→ **Aim of the exercise**
With the pictures left out, print exactly the lines below that run from the one containing "Серый Ауди А6, объемом" through the one containing "KIA Stonic Trunk rubber seal (body)".

→ **Data section**
====

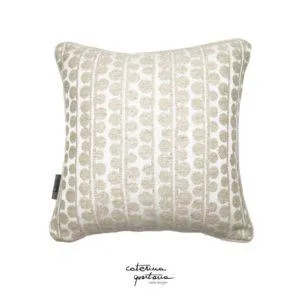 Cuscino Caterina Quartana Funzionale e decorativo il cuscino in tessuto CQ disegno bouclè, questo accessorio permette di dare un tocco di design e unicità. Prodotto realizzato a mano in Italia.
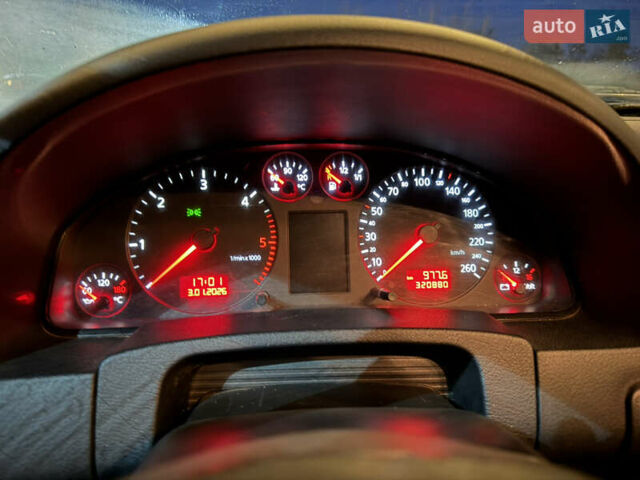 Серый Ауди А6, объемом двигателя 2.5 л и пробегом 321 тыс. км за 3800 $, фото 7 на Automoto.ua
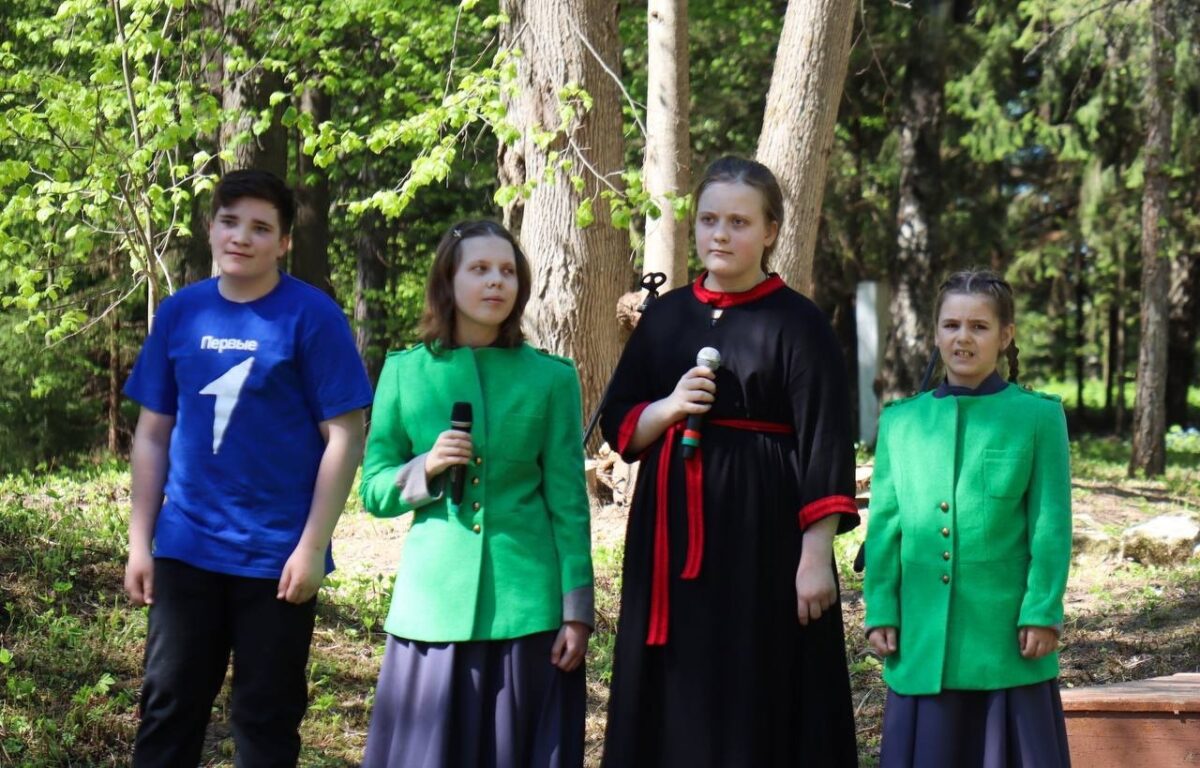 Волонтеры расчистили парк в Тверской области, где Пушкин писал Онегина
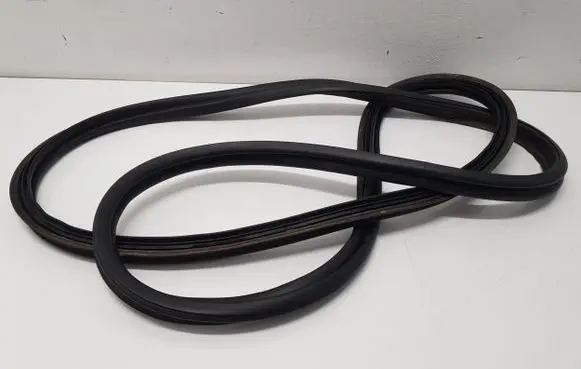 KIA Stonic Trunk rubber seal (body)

====

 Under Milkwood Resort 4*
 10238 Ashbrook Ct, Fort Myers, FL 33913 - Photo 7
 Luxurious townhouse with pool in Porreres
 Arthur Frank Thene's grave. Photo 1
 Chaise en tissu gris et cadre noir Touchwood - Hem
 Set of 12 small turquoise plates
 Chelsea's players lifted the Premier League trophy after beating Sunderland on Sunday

====

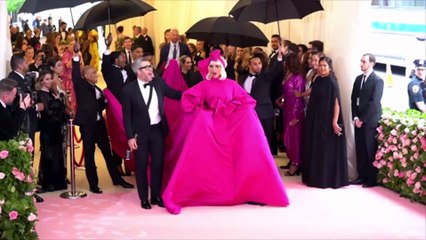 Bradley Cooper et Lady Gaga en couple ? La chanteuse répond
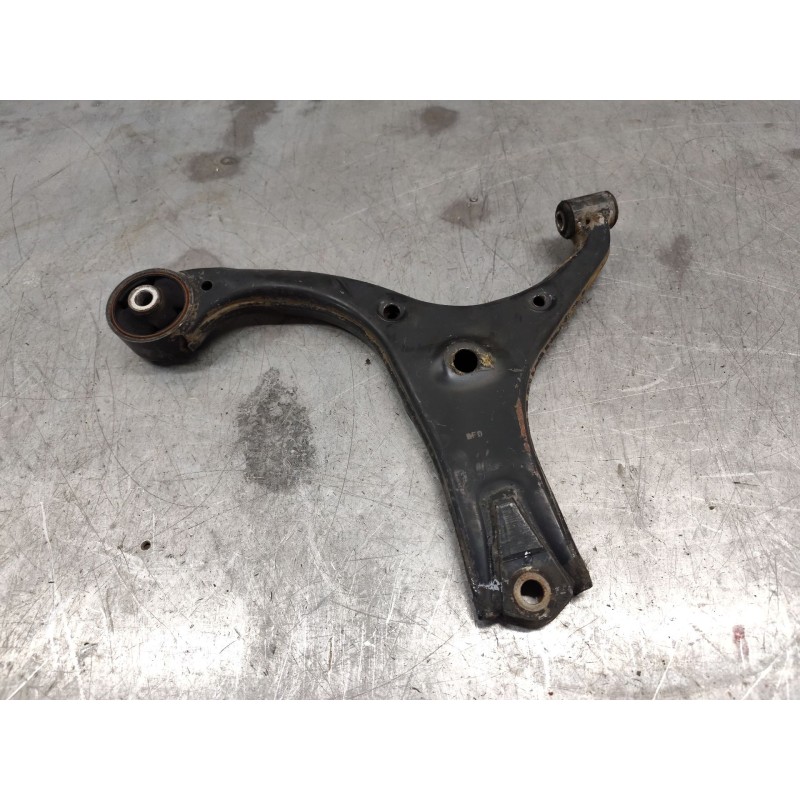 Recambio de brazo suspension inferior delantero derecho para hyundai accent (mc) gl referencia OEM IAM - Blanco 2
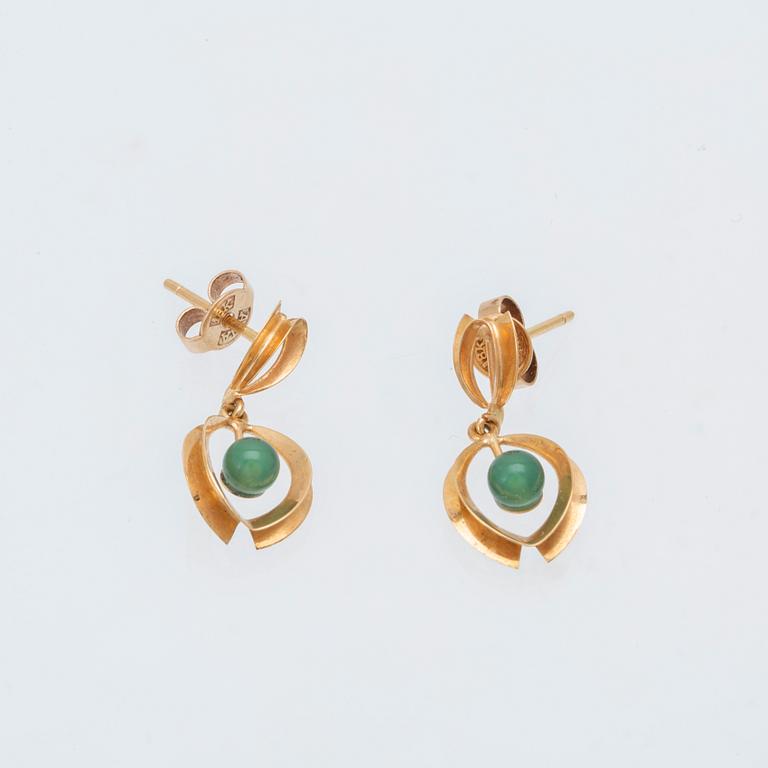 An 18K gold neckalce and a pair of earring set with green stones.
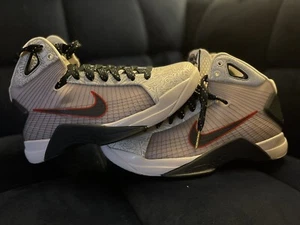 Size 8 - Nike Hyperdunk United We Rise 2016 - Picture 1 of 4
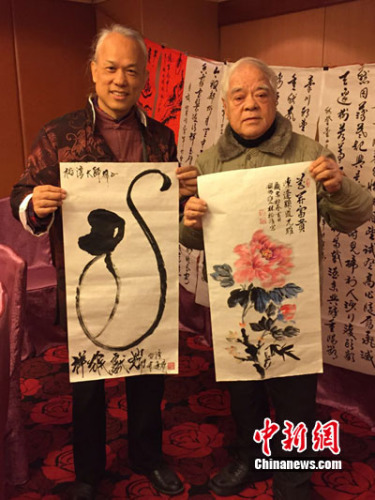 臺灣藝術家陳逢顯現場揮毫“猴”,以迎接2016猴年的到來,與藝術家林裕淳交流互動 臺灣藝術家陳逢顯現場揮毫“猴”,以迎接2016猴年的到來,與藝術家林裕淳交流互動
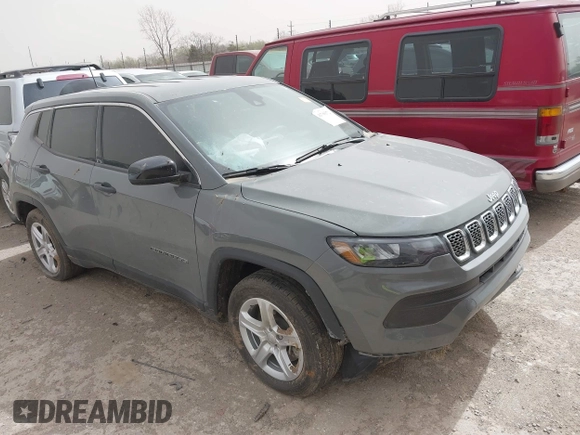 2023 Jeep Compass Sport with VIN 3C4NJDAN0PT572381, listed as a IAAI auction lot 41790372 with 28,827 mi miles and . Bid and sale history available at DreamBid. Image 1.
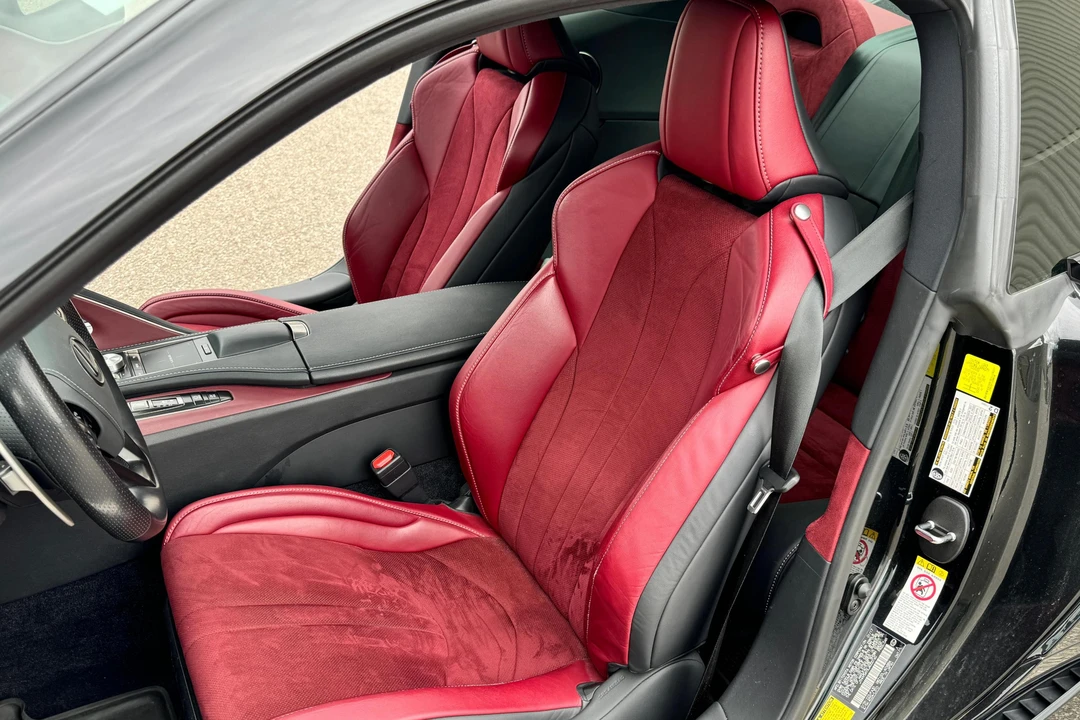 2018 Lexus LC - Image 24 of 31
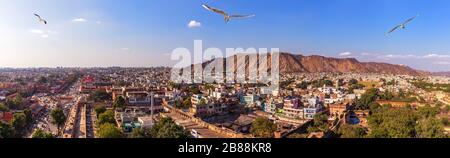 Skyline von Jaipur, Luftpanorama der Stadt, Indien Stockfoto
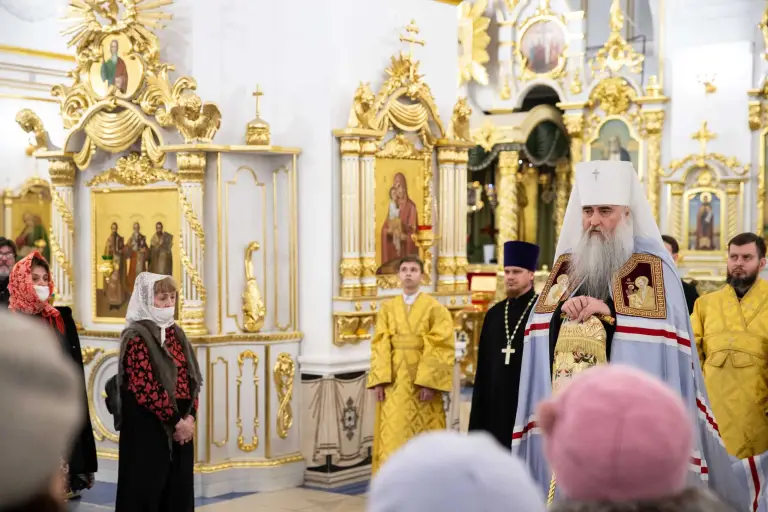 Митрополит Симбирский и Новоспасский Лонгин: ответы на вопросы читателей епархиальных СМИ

====

→ **Solution to this exercise**
 Серый Ауди А6, объемом двигателя 2.5 л и пробегом 321 тыс. км за 3800 $, фото 7 на Automoto.ua
 Волонтеры расчистили парк в Тверской области, где Пушкин писал Онегина
 KIA Stonic Trunk rubber seal (body)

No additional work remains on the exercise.